Problem description: Drop every image and restate the entries below word for word.

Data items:
╭──
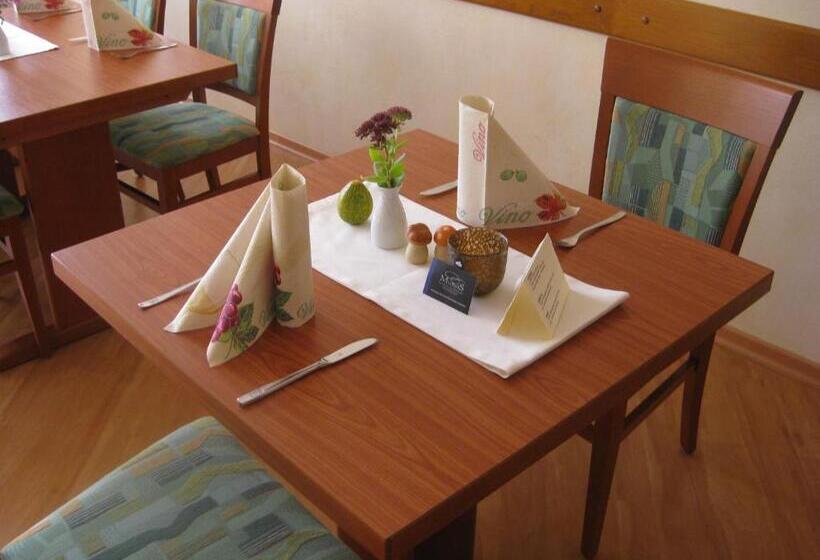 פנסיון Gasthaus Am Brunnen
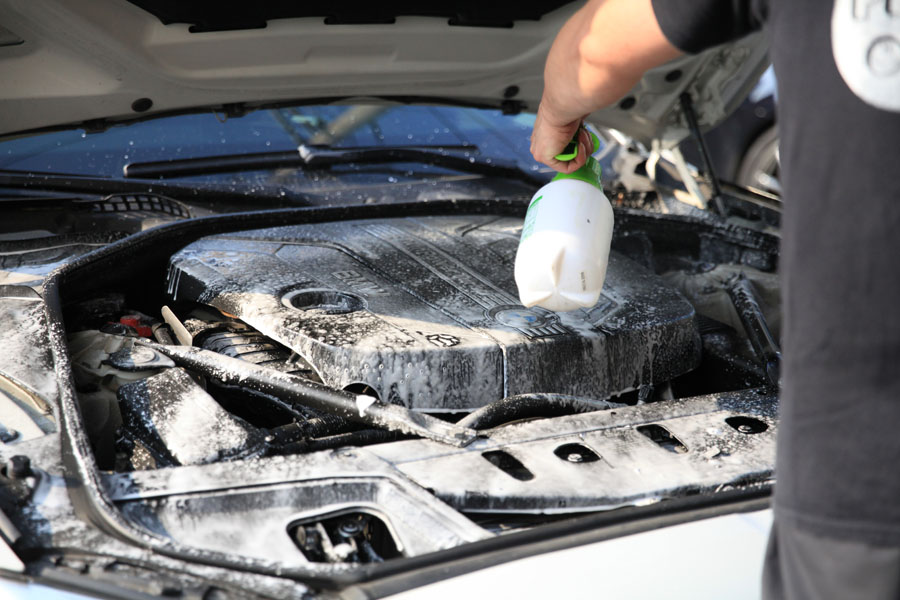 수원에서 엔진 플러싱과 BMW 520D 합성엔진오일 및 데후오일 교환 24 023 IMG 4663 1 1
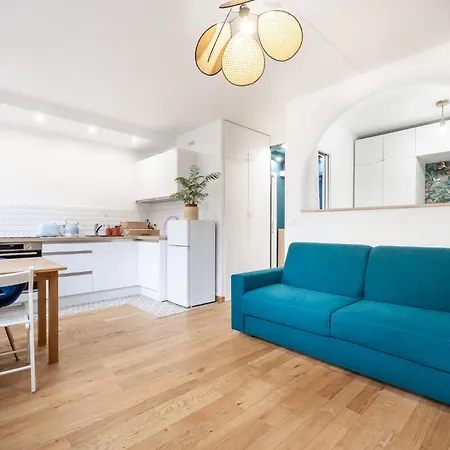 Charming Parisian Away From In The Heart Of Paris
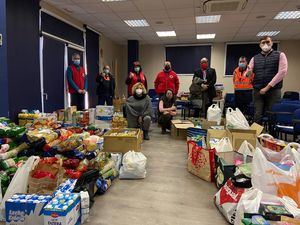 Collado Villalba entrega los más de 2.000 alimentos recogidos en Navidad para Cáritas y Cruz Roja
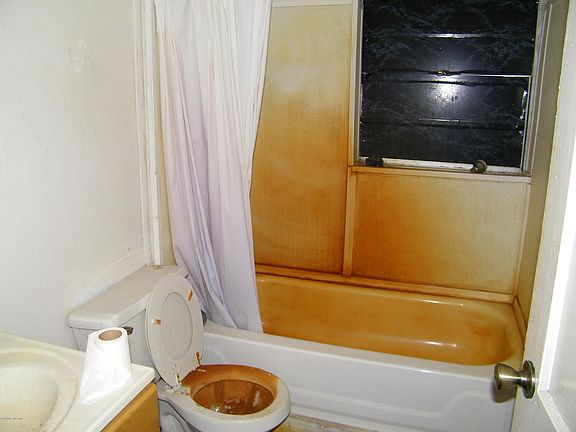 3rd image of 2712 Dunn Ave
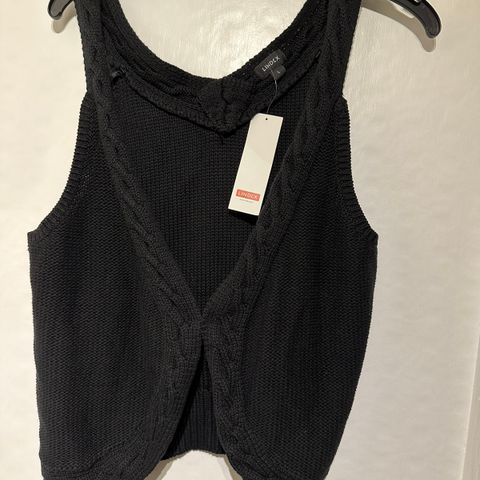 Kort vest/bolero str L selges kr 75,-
╰──
Exercise response:
 פנסיון Gasthaus Am Brunnen
 수원에서 엔진 플러싱과 BMW 520D 합성엔진오일 및 데후오일 교환 24 023 IMG 4663 1 1
 Charming Parisian Away From In The Heart Of Paris
 Collado Villalba entrega los más de 2.000 alimentos recogidos en Navidad para Cáritas y Cruz Roja
 3rd image of 2712 Dunn Ave
 Kort vest/bolero str L selges kr 75,-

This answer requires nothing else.